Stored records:
((

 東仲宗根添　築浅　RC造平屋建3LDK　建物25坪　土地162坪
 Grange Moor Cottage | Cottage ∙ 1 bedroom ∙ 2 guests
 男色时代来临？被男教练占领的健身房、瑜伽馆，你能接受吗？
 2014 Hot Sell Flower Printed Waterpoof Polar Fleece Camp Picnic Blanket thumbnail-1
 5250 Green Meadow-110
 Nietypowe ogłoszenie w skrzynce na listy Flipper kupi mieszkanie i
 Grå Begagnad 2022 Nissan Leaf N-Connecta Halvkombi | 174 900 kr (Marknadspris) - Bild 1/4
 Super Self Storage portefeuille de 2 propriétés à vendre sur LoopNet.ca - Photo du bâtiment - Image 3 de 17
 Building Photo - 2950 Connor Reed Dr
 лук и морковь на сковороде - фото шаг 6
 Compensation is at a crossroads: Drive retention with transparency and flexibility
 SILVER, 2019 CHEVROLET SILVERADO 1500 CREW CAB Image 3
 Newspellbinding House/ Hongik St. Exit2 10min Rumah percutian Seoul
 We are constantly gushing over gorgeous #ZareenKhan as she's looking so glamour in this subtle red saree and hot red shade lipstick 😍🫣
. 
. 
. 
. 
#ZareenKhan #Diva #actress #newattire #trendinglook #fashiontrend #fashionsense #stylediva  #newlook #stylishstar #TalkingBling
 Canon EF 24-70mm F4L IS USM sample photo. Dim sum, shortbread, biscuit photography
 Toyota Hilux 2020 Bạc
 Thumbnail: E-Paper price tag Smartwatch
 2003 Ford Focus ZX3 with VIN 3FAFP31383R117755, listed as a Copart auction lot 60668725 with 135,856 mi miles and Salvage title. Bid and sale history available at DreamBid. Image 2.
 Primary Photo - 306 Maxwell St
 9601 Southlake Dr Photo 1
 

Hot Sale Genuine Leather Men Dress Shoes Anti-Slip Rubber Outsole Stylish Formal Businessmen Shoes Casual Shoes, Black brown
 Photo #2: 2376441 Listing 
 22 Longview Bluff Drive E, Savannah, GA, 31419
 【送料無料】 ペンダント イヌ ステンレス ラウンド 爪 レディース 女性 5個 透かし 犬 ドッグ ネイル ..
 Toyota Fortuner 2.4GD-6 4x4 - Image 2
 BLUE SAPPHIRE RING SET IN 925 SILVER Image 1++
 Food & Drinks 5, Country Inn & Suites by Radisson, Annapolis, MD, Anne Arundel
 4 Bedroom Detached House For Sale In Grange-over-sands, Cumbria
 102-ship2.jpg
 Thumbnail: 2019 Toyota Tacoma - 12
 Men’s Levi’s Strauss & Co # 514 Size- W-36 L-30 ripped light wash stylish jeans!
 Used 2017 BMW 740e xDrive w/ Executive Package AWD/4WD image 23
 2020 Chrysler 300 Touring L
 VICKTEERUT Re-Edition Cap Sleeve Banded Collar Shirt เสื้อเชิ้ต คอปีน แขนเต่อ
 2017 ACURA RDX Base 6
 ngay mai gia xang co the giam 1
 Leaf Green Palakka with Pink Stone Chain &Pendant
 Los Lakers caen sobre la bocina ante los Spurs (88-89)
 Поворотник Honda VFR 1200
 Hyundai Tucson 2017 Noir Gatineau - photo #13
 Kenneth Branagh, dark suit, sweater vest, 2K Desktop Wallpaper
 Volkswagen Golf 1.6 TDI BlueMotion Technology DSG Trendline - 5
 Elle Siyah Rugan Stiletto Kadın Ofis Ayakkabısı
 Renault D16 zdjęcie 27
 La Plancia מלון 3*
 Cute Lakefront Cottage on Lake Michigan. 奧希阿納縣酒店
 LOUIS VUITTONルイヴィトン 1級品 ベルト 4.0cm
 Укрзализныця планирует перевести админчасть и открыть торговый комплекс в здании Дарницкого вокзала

))

→ **Brief**
Set every record down word for word, omitting none.

→ **Solved exercise**
 東仲宗根添　築浅　RC造平屋建3LDK　建物25坪　土地162坪
 Grange Moor Cottage | Cottage ∙ 1 bedroom ∙ 2 guests
 男色时代来临？被男教练占领的健身房、瑜伽馆，你能接受吗？
 2014 Hot Sell Flower Printed Waterpoof Polar Fleece Camp Picnic Blanket thumbnail-1
 5250 Green Meadow-110
 Nietypowe ogłoszenie w skrzynce na listy Flipper kupi mieszkanie i
 Grå Begagnad 2022 Nissan Leaf N-Connecta Halvkombi | 174 900 kr (Marknadspris) - Bild 1/4
 Super Self Storage portefeuille de 2 propriétés à vendre sur LoopNet.ca - Photo du bâtiment - Image 3 de 17
 Building Photo - 2950 Connor Reed Dr
 лук и морковь на сковороде - фото шаг 6
 Compensation is at a crossroads: Drive retention with transparency and flexibility
 SILVER, 2019 CHEVROLET SILVERADO 1500 CREW CAB Image 3
 Newspellbinding House/ Hongik St. Exit2 10min Rumah percutian Seoul
 We are constantly gushing over gorgeous #ZareenKhan as she's looking so glamour in this subtle red saree and hot red shade lipstick 😍🫣
. 
. 
. 
. 
#ZareenKhan #Diva #actress #newattire #trendinglook #fashiontrend #fashionsense #stylediva  #newlook #stylishstar #TalkingBling
 Canon EF 24-70mm F4L IS USM sample photo. Dim sum, shortbread, biscuit photography
 Toyota Hilux 2020 Bạc
 Thumbnail: E-Paper price tag Smartwatch
 2003 Ford Focus ZX3 with VIN 3FAFP31383R117755, listed as a Copart auction lot 60668725 with 135,856 mi miles and Salvage title. Bid and sale history available at DreamBid. Image 2.
 Primary Photo - 306 Maxwell St
 9601 Southlake Dr Photo 1
 

Hot Sale Genuine Leather Men Dress Shoes Anti-Slip Rubber Outsole Stylish Formal Businessmen Shoes Casual Shoes, Black brown
 Photo #2: 2376441 Listing 
 22 Longview Bluff Drive E, Savannah, GA, 31419
 【送料無料】 ペンダント イヌ ステンレス ラウンド 爪 レディース 女性 5個 透かし 犬 ドッグ ネイル ..
 Toyota Fortuner 2.4GD-6 4x4 - Image 2
 BLUE SAPPHIRE RING SET IN 925 SILVER Image 1++
 Food & Drinks 5, Country Inn & Suites by Radisson, Annapolis, MD, Anne Arundel
 4 Bedroom Detached House For Sale In Grange-over-sands, Cumbria
 102-ship2.jpg
 Thumbnail: 2019 Toyota Tacoma - 12
 Men’s Levi’s Strauss & Co # 514 Size- W-36 L-30 ripped light wash stylish jeans!
 Used 2017 BMW 740e xDrive w/ Executive Package AWD/4WD image 23
 2020 Chrysler 300 Touring L
 VICKTEERUT Re-Edition Cap Sleeve Banded Collar Shirt เสื้อเชิ้ต คอปีน แขนเต่อ
 2017 ACURA RDX Base 6
 ngay mai gia xang co the giam 1
 Leaf Green Palakka with Pink Stone Chain &Pendant
 Los Lakers caen sobre la bocina ante los Spurs (88-89)
 Поворотник Honda VFR 1200
 Hyundai Tucson 2017 Noir Gatineau - photo #13
 Kenneth Branagh, dark suit, sweater vest, 2K Desktop Wallpaper
 Volkswagen Golf 1.6 TDI BlueMotion Technology DSG Trendline - 5
 Elle Siyah Rugan Stiletto Kadın Ofis Ayakkabısı
 Renault D16 zdjęcie 27
 La Plancia מלון 3*
 Cute Lakefront Cottage on Lake Michigan. 奧希阿納縣酒店
 LOUIS VUITTONルイヴィトン 1級品 ベルト 4.0cm
 Укрзализныця планирует перевести админчасть и открыть торговый комплекс в здании Дарницкого вокзала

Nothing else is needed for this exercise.